Ejemplar Juicio contra activistas de Greenpeace por daños y desobediencia

Al banquillo tras prosperar la acusación particular de la empresa Azata del Sol; participaron hace 7 años en una acción reivindicativa en 2014 en el hotel construido en el paraje de El Algarrobico (Almería). Histórico que pongan alto a los excesos de la ONG.

A siete años que sucedieran los hechos; de abusos; excesos y desobediencia se vive un acontecimiento trascendental de procuración de justicia a la empresa del hotel El Algarrobico que sufrió los embates de “los activistas de Greenpeace”, organización civil con más de 3,2 millones de socios que tiene ahora en 2021; Greenpeace International, que tiene su sede en Ámsterdam, Países Bajos, con 26 oficinas regionales que operan en 55 países. Es una organización con millonario presupuesto y una fuerte estructura  mundial.​

Este juicio es ejemplar sobre todo para que las ONGs; no excedan y la procuración de justicia le dé la sanción o castigo a quien por derecho le corresponda.

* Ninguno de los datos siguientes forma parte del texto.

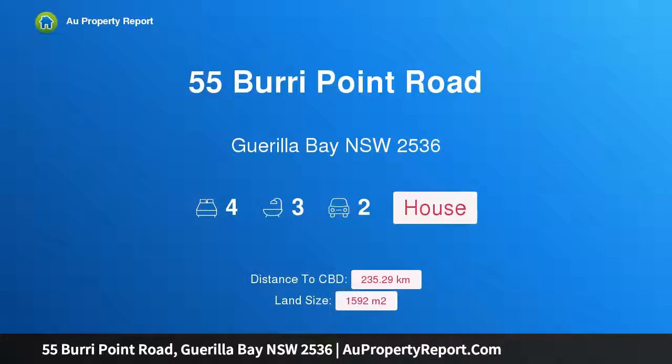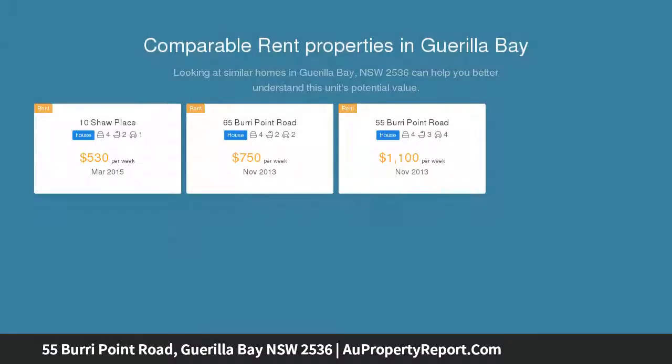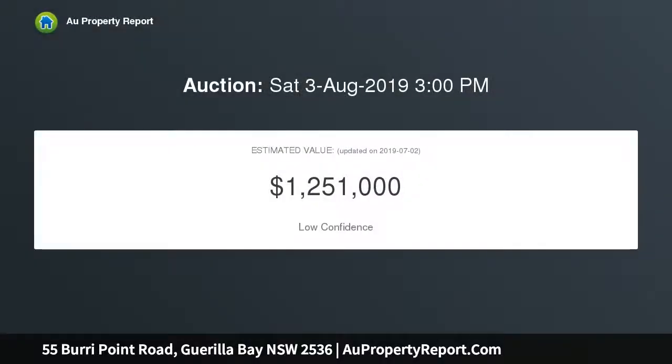Hi, I am glad to introduce property 55 Brewery Point Road, Guerrilla Bay NSW 2536 — elegance in a pristine location. Located in exclusive Guerrilla Bay, this beautifully designed four bedroom, three bathroom home is split into two wings, boasting water views.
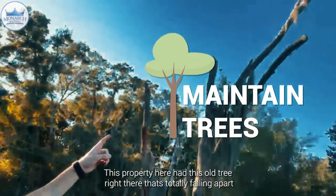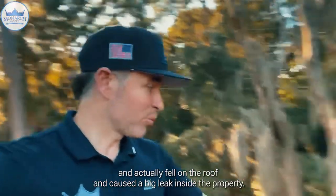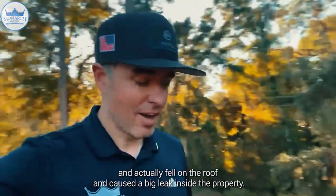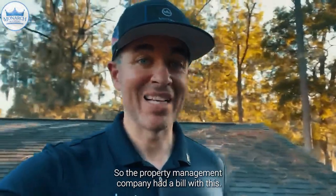This property here had this old tree right there that's totally falling apart, and it actually fell on the roof. It caused a big leak inside the property, and it's a rental, so the property management company had to deal with this.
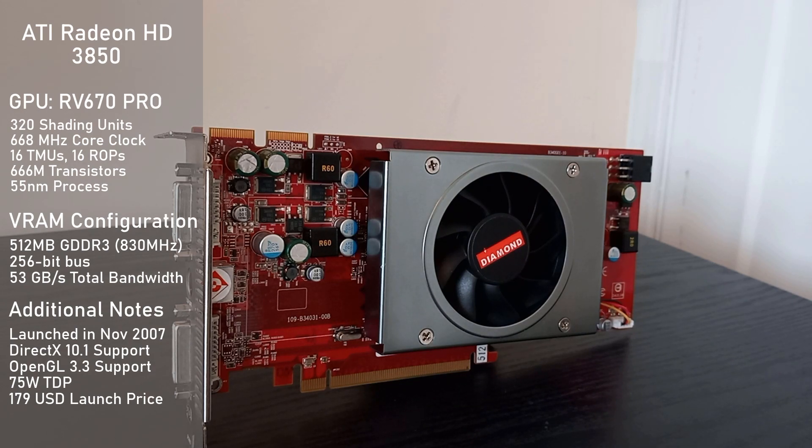It consumes a reasonable 75W of power, so pretty much any typical PSU will be able to power the card just fine.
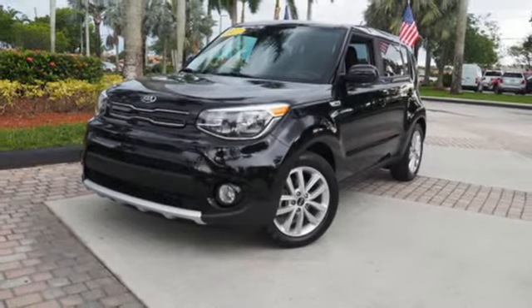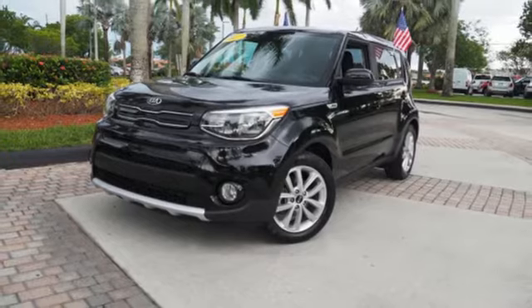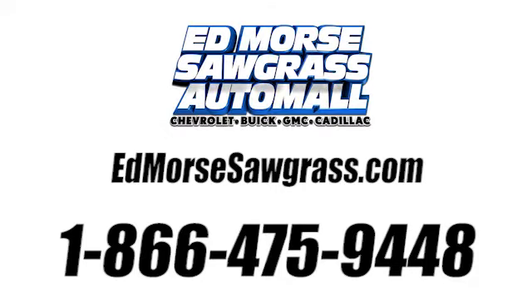Someone's going to drive this fantastic vehicle off the lot. It should be you. Test drive it today. Call us today at 1-866-475-9448.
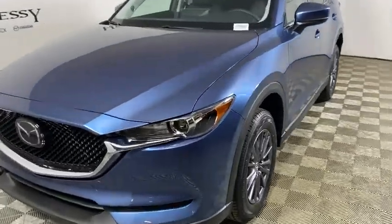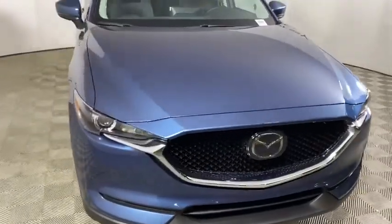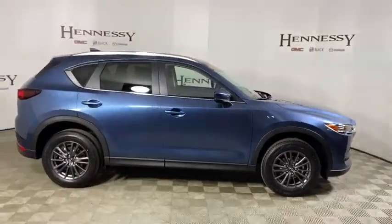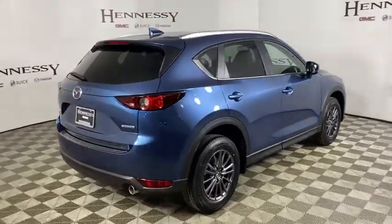Stop by and take a look at the 2021 Mazda CX-5. With its fuel-efficient engine, engaging driving experience, and daring styling, the Mazda CX-5 is a good pick for those seeking a sporty yet thrifty crossover SUV.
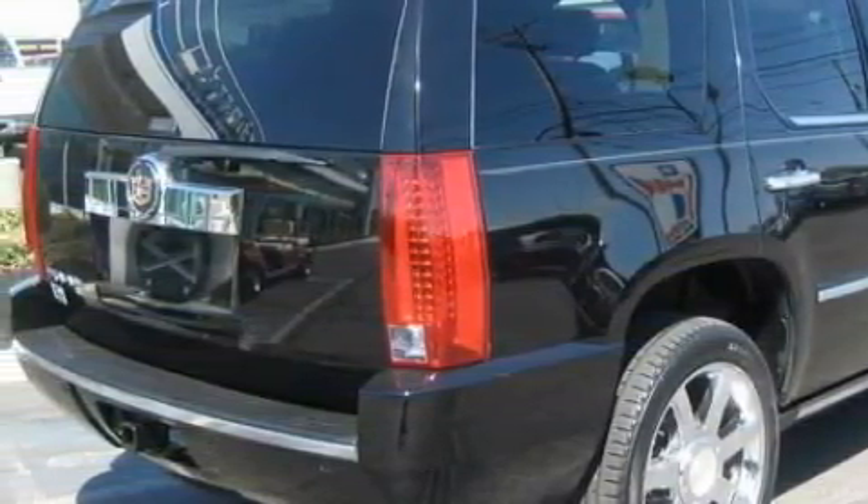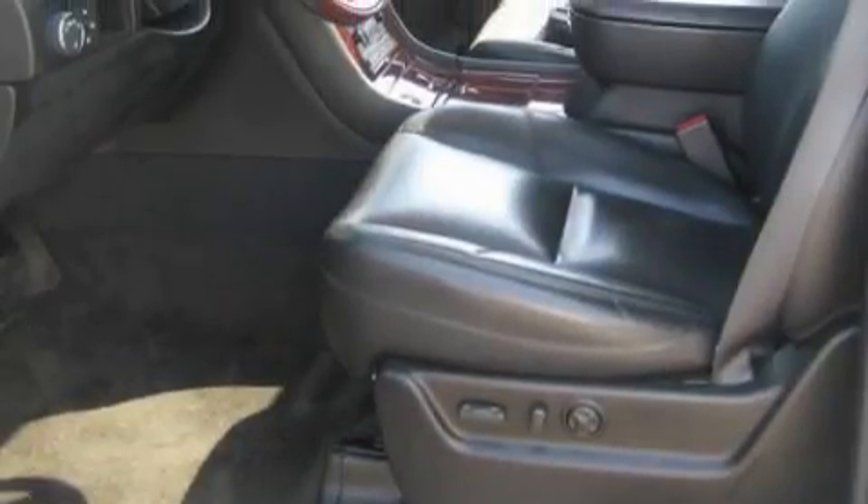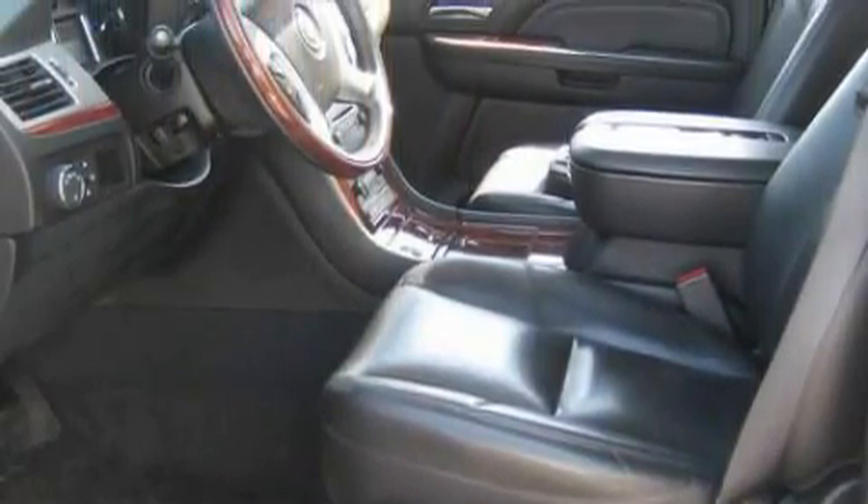This Cadillac features a heated driver's seat, a power rear liftgate, a premium audio system, satellite radio, a parking camera, rear curtain airbags, and this vehicle has just over 59,000 miles.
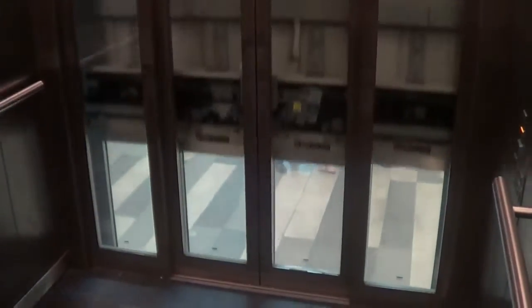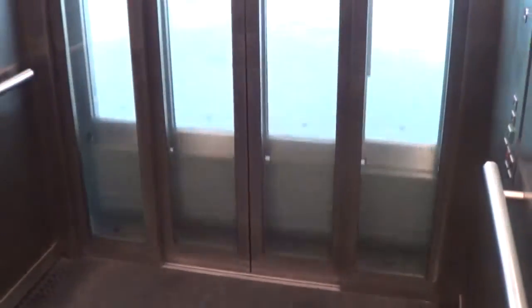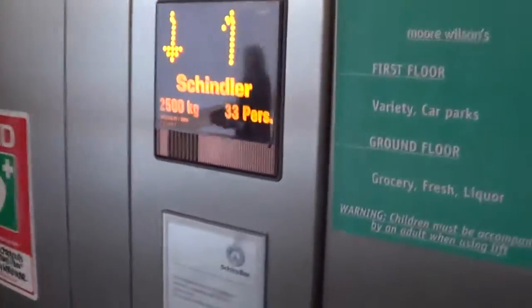Watch out the glass doors going up. We're watching these kind of going down.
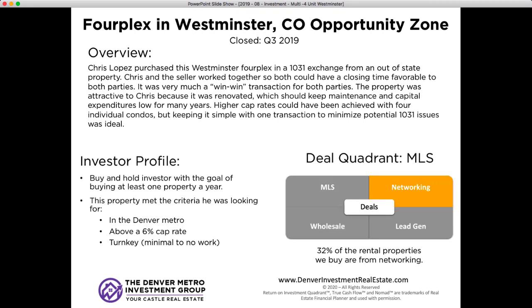My investor profile: I'm a buy-and-hold investor with a goal of buying at least one property a year. My general goals are a property in the Denver metro area, something above a 6% cap rate, and ideally turnkey properties that need minimal work. I found this property through networking, which is where more than half the multifamily properties we find come from. I started networking months out, asking who's selling something and how we can make a deal, and was able to put this together.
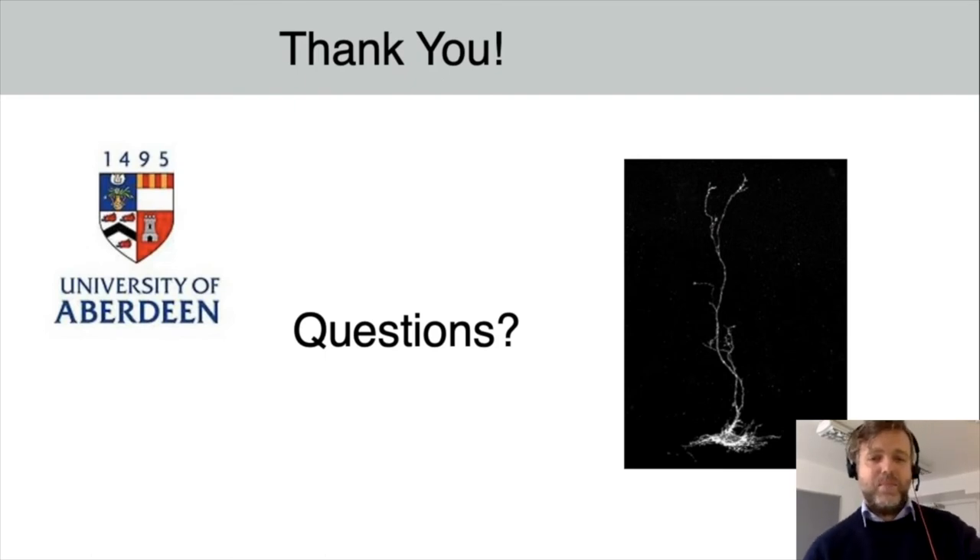Thank you very much, I hope you enjoyed it — let me know if you have any questions. That was really interesting, thank you Daniel. I'm sure there's going to be a lot of questions — I've got a couple myself. There's one in the chat box.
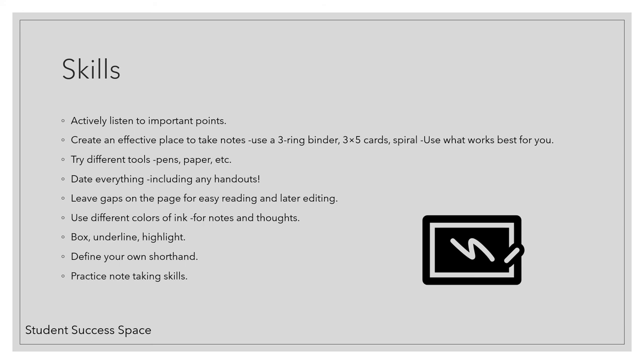Try different tools — pens, paper, even colors. Date everything, including your handouts. Leave gaps on the page for easy reading and also for later to edit them.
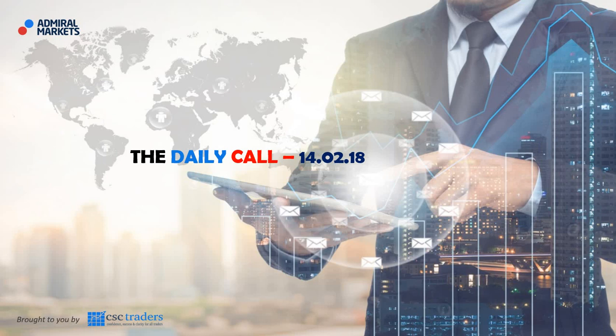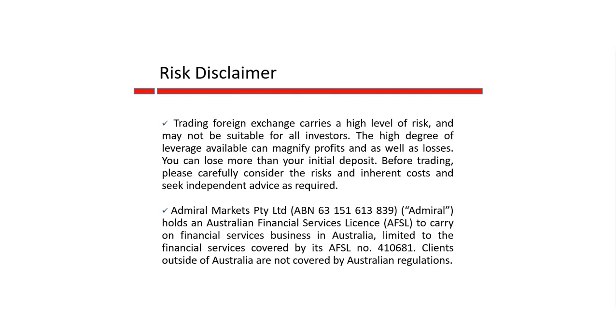Good morning traders and welcome to the Daily Call today, Wednesday the 14th of February. Before we get started, as always, please understand that any advice in today's session is of a general nature only and that your personal circumstances have not been taken into consideration.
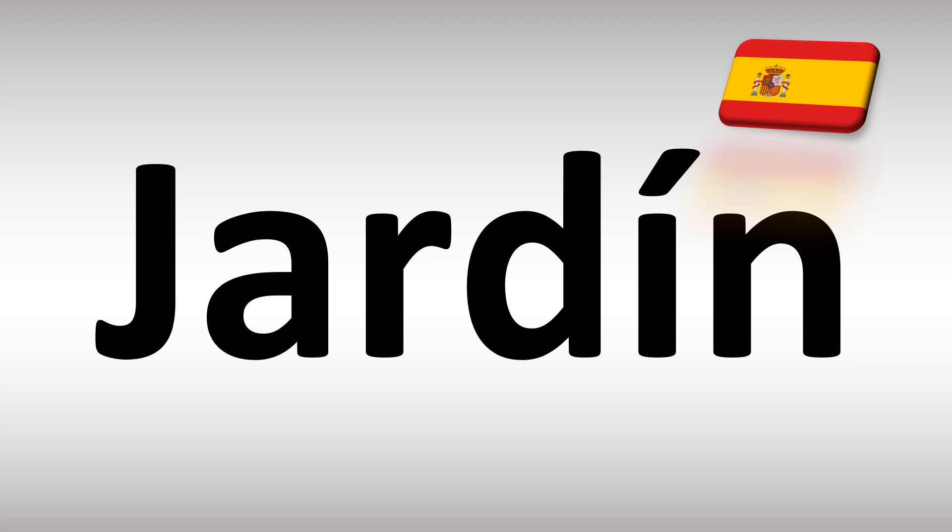How do you say garden, a garden in Spanish? It's said as jardín, jardín. Because you have an accent on the i there, it means you have to stress on that din, the second syllable — jardín.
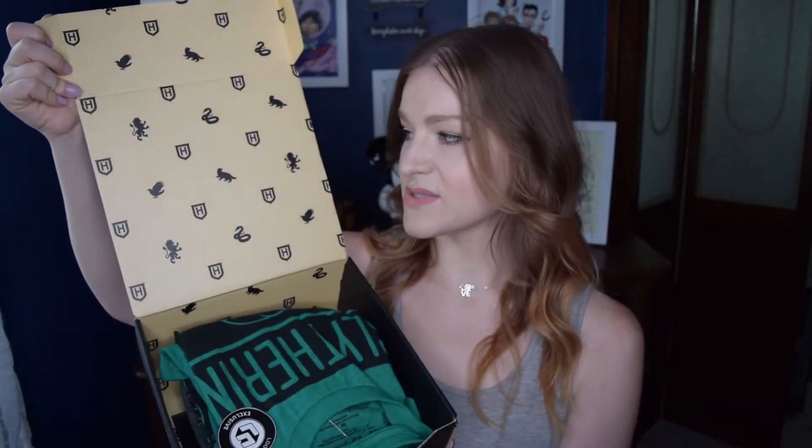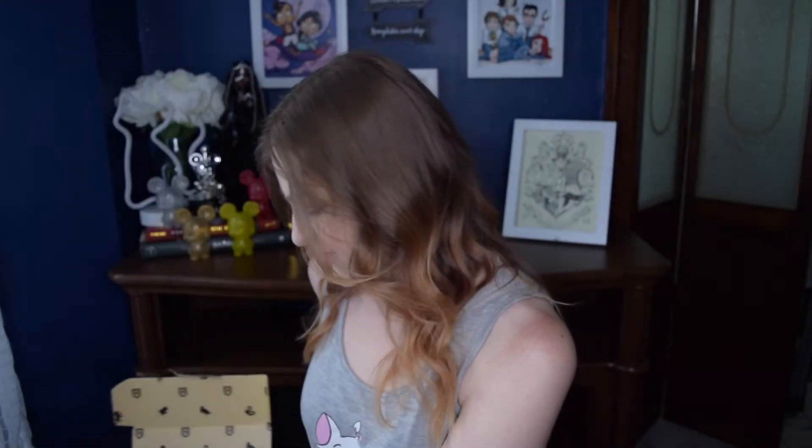The theme for this box was house pride. After every box, Loot Crate sends out a survey asking what you thought of it, and sometimes they throw in a couple of random questions. A question they seem to ask a lot was: do you want house-specific items in your box? I'm all about house-specific items. Everything in this box, with the exception of one thing, is house-specific. In case you're not familiar with me and my house alignment, I am a Slytherin, so everything in this box is Slytherin-themed.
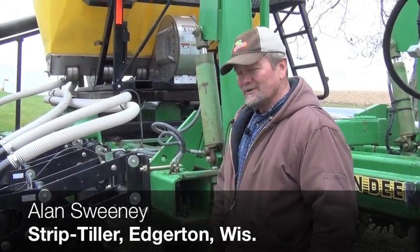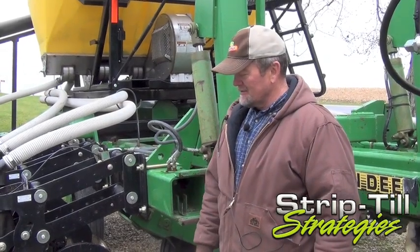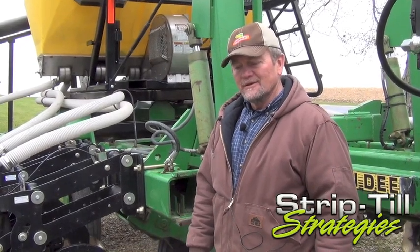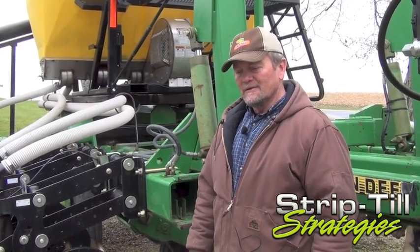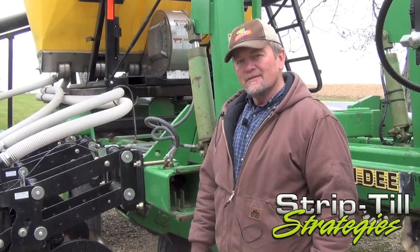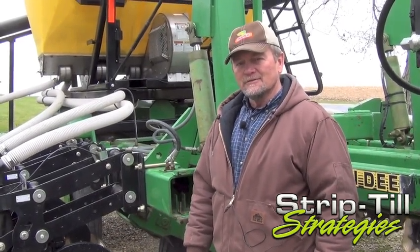This is a strip trail rig that I built this winter. My objective is to conserve our soil and to have a profitable farming operation. The main components of this system are non-pluribus units on a 1780 deer bar with a Montag dry fertilizer delivery system.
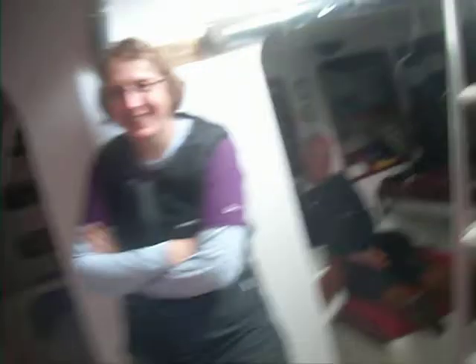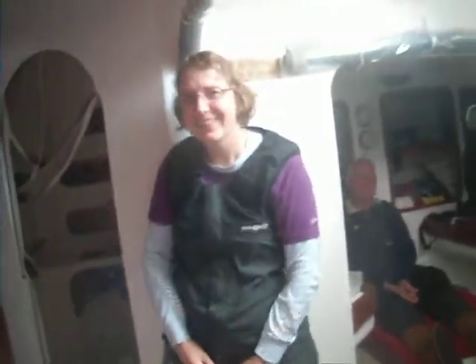Ahead of us we've got the skipper's cabin. And we've got the nav station. Pete's done a cracking job for us this week. And Anne, superior in every way, has been a great tutor this week.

El Juzgado de Instrucción 1 de Vera (Almería) ha abierto juicio oral contra los 28 activistas de Greenpeace que participaron en una acción reivindicativa en 2014 en el hotel construido en el paraje de El Algarrobico (Almería), quienes se enfrentan a penas de un año de prisión y multa de 24 meses a razón de seis euros al día.

El edificio, construido a 50 metros del mar, está condenado a la demolición según varios fallos judiciales en los últimos años, aunque la maraña de pleitos y recursos alrededor del caso no lo ha permitido todavía, pendiente de algún pronunciamiento final de la justicia o de una hipotética negociación entre las Administraciones y la empresa promotora.

Centenar de vecinos de Carboneras acudieron al hotel para modificar la pintada realizada por los activistas y cubrir de negro la i de “ilegal” para reivindicar así la apertura del edificio.

Este viernes, la audiencia Nacional ha negado a la promotora, Azata del Sol, la indemnización de más de 70 millones de euros que pedía al Gobierno central, la Junta de Andalucía y el Ayuntamiento por no haber frenado al principio la construcción del hotel.

Los activistas se sentarán en el banquillo tras prosperar la acusación particular de la promotora, Azata del Sol, ya que la Fiscalía no ha formulado escrito de calificación al considerar que, a lo largo de la investigación judicial, “no ha aflorado ningún indicio que acredite lo que hizo cada una de las personas identificadas” y, en particular, “si ocasionaron algún daño concreto”.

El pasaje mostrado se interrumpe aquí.